Ketiga, globalisasi pemikiran dan budaya. Faktor ketiga sangat berpengaruh pada dua faktor terdahulu. Globalisasi yang didominasi oleh dunia barat dapat berdampak pada lemahnya pertahanan umat islam akan keislamannya. Globalisasi menyusup perlahan-lahan ke dalam pemikiran-pemikiran umat yang lemah imannya. Globalisasi bercampur dalam budaya-budaya keislaman sehingga terkadang suatu budaya islami dianggap ketinggalan dan direndahkan oleh kaum muslim sendiri, meskipun itu merupakan suatu kewajiban. Contohnya menjawab salam telah berganti dengan kata sapaan ala barat atau malah bercipika-cipiki dengan yang bukan muhrim. Globalisasi dunia barat semakin mudah masuk ke dalam zona suci umat islam karena umat islam yang tercerai-berai dengan pemikiran yang tak sama pula. "Orang-orang Yahudi dan Nasrani tidak akan senang kepadamu hingga kamu mengikuti agama mereka. Katakanlah: "Sesungguhnya petunjuk Allah itulah petunjuk (yang sebenarnya)". Dan sesungguhnya jika kamu mengikuti kemauan mereka setelah pengetahuan datang kepadamu, maka Allah tidak lagi menjadi pelindung dan penolong bagimu.." (QS. Al-Baqarah: 120).

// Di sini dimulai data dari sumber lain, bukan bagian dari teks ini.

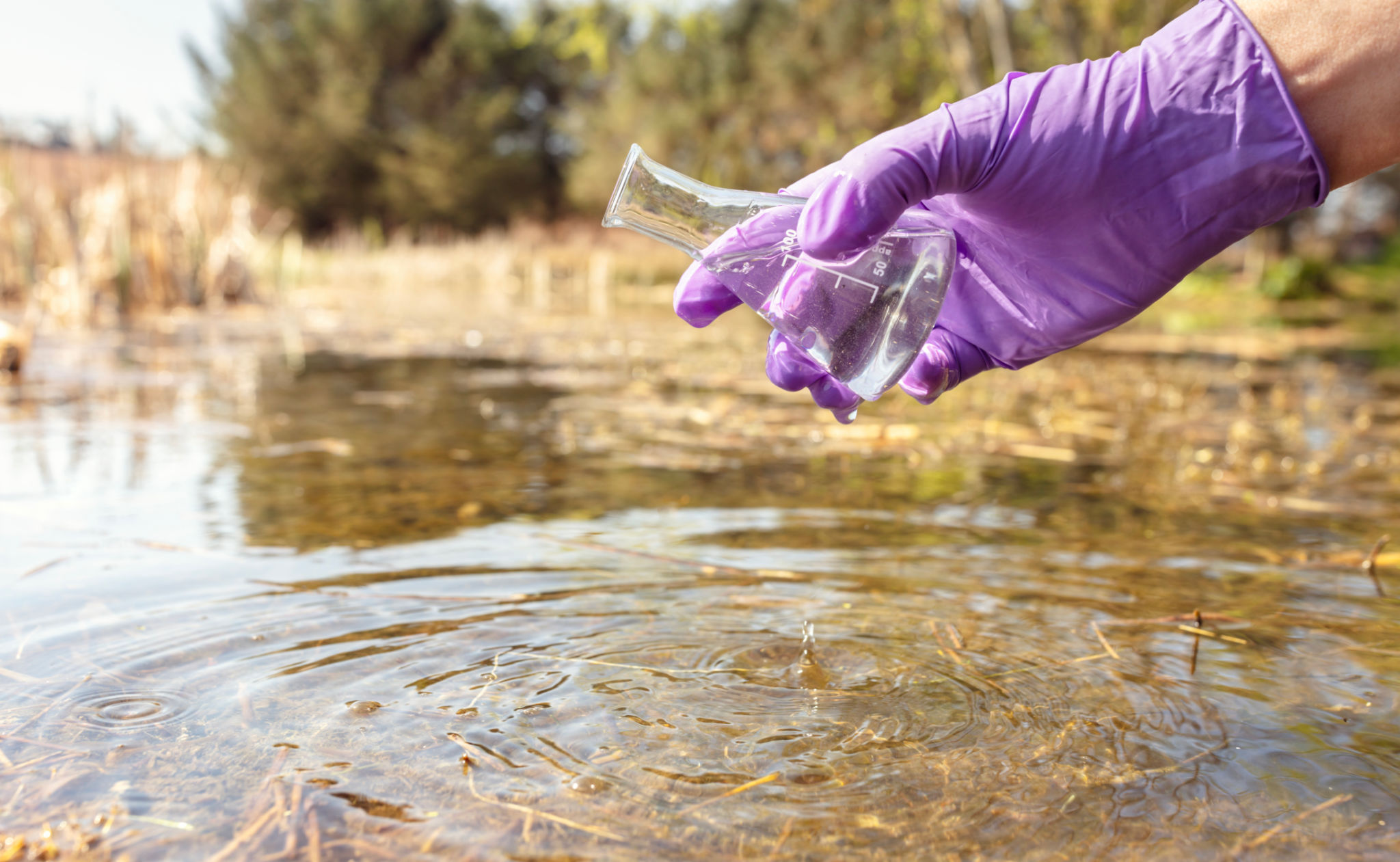 water quality testing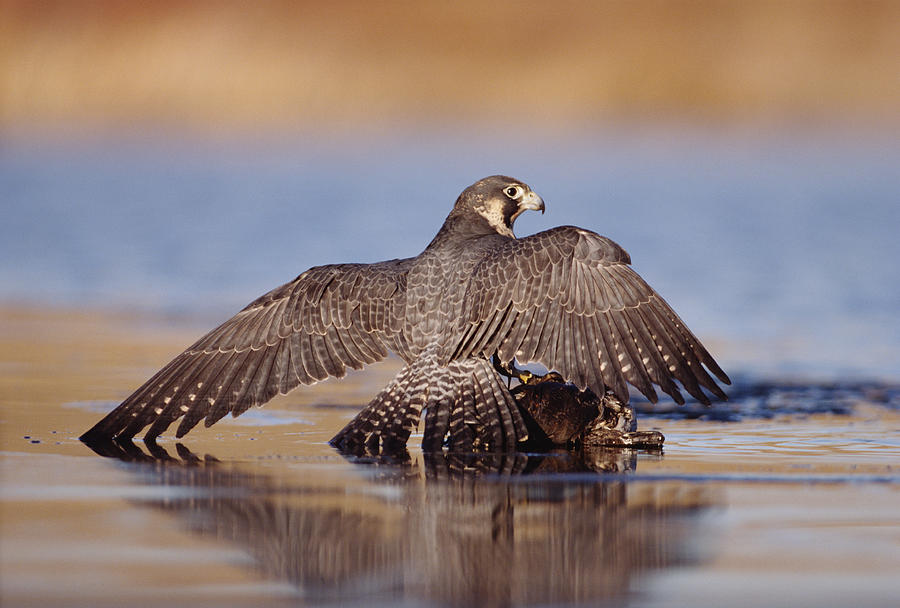 Peregrine Falcon Standing Over Prey Photograph by Tim Fitzharris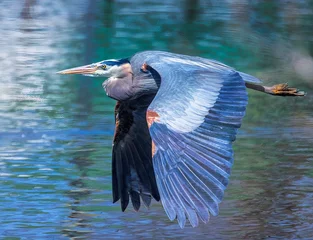 Foto op Plexiglas Great blue heron in flight over a blue lake © Lowell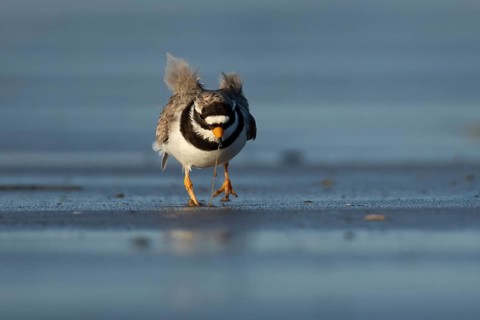 Ringed plover (Charadrius hiaticula) adult wader bird feeding on a worm on a beach, England, United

Lantas, apa yang seharusnya dilakukan umat islam di zaman keterasingan ini? Agar cahaya iman tetap menyala dalam kehidupan, memperbanyak dan memperbaiki pola berpikir terhadap pemahaman Islam adalah salah satu cara yang mesti dilakukan. Berpikir adalah proses terakhir setelah umat islam tahu dan belajar. Sebab, jika hanya tahu saja tentang Islam, tapi belum menyempatkan diri untuk mempelajari islam secara kaffah, maka besar kemungkinan umat islam tak akan pernah bisa mencapai derajat berpikir. Untuk orang-orang yang menganggap Islam sebagai agama yang ‘asing’, Allah berfirman:
Dan hamba-hamba Tuhan yang Maha Penyayang itu ialah orang-orang yang berjalan di atas bumi dengan rendah hati dan apabila orang-orang jahil menyapa mereka, mereka mengucapkan kata-kata (yang mengandung) keselamatan." (QS. Al-Furqan: 63).